Because the biases are matched, the initial value of Q_a is trivial:
$Q_{a} = 00000.000.$
The first number to be summed (19.875) has a fractional slope that matches the output fractional slope. Furthermore, the binary points and storage types are identical, so the conversion is trivial:
$\begin{array}{l} Q_{b} = 10011.111, \\ Q_{T e m p} = Q_{b} . \end{array}$
The summation operation is performed:
$Q_{a} = Q_{a} + Q_{T e m p} = 10011.111.$
The second number to be summed (5.4375) has a fractional slope that matches the output fractional slope, so a slope adjustment is not needed. The storage data types also match, but the difference in binary points requires that both the bits and the binary point be shifted one place to the right:
$\begin{array}{l} Q_{c} = 0101.0111, \\ Q_{T e m p} = c o n v e r t (Q_{c}) \\ Q_{T e m p} = 00101.011. \end{array}$
Note that a loss in precision of one bit occurs, with the resulting value of Q_Temp determined by the rounding mode. For this example, round-to-floor is used. Overflow cannot occur in this case because the bits and binary point are both shifted to the right.

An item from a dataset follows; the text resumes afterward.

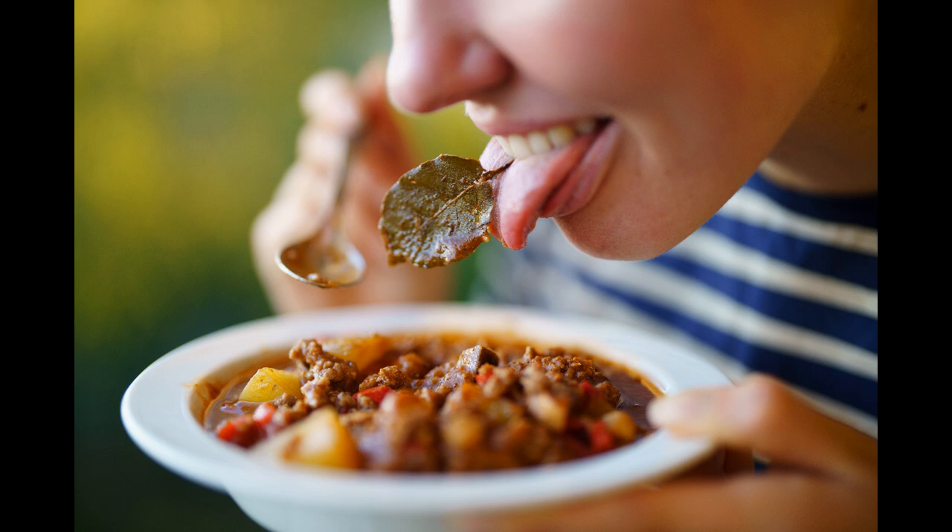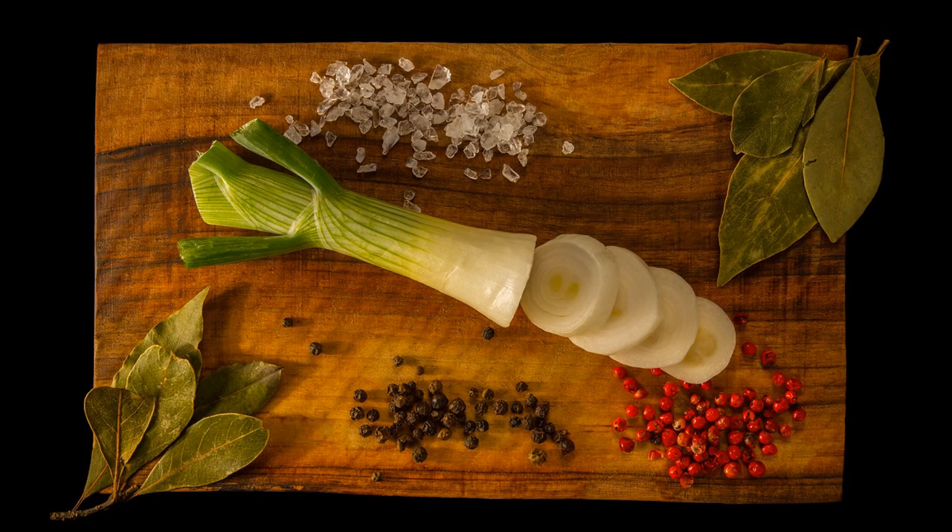Eating bay leaves increases your appetite and helps with digestion as well as digestive tract disorders. Bay leaves are rich in vitamin C, vitamin A, folic acid, calcium, magnesium, zinc, iron, and potassium.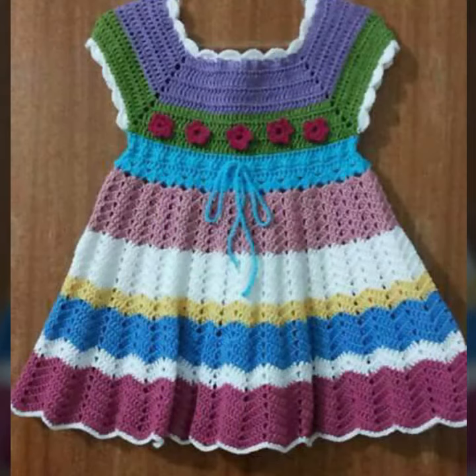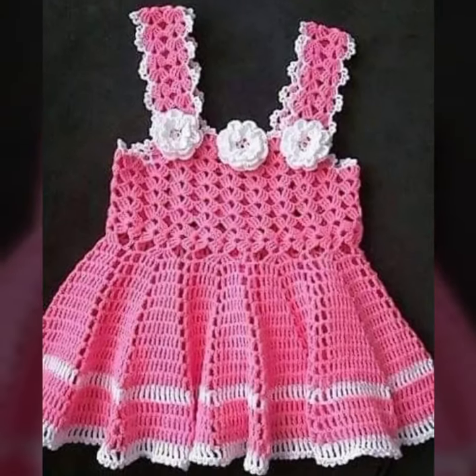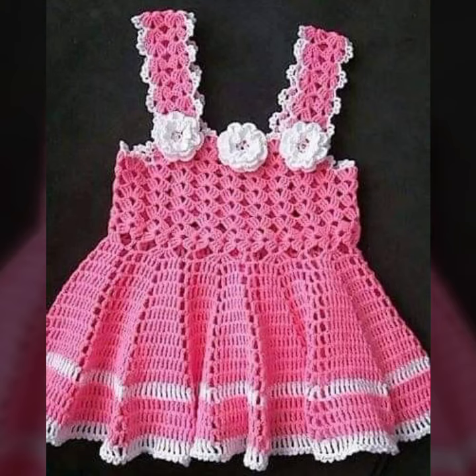Beautiful frog designs! So friends, thanks for watching my video. See you again with beautiful, cool collection. Till then, Allah Hafiz.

The summation operation is performed:
$\begin{matrix} Q_{a} = Q_{a} + Q_{T e m p} \\ 10011.111 \\ = \frac{+ 00101.011}{11001.010} \begin{matrix} = 25.250. \end{matrix} \end{matrix}$
Note that overflow did not occur, but it is possible for this operation.
The third number to be summed (4.84375) has a fractional slope that matches the output fractional slope, so a slope adjustment is not needed. The storage data types also match, but the difference in binary points requires that both the bits and the binary point be shifted two places to the right:
$\begin{array}{l} Q_{d} = 100.11011, \\ Q_{T e m p} = c o n v e r t (Q_{d}) \\ Q_{T e m p} = 00100.110. \end{array}$
Note that a loss in precision of two bit occurs, with the resulting value of Q_Temp determined by the rounding mode. For this example, round-to-floor is used. Overflow cannot occur in this case because the bits and binary point are both shifted to the right.

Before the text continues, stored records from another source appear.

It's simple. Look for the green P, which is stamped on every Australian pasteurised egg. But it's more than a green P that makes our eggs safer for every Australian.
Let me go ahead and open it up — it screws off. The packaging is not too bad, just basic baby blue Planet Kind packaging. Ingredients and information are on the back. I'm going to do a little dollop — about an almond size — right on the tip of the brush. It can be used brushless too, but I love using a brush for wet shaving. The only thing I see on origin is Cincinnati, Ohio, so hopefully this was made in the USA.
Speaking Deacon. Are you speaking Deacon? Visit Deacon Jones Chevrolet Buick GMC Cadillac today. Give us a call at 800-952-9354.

The summation operation is performed:
$\begin{matrix} Q_{a} = Q_{a} + Q_{T e m p} \\ 11001.010 \\ = \frac{+ 00100.110}{11110.000} \begin{matrix} = 30.000. \end{matrix} \end{matrix}$
Note that overflow did not occur, but it is possible for this operation.

As shown here, the result of step 7 differs from the ideal sum:

$\begin{matrix} 10011.111 \\ 0 101.0111 \\ = \frac{+ 100.11011}{11110.001} \begin{matrix} = 30.125. \end{matrix} \end{matrix}$

Blocks that perform addition and subtraction include the Add, Gain, and Discrete FIR Filter blocks.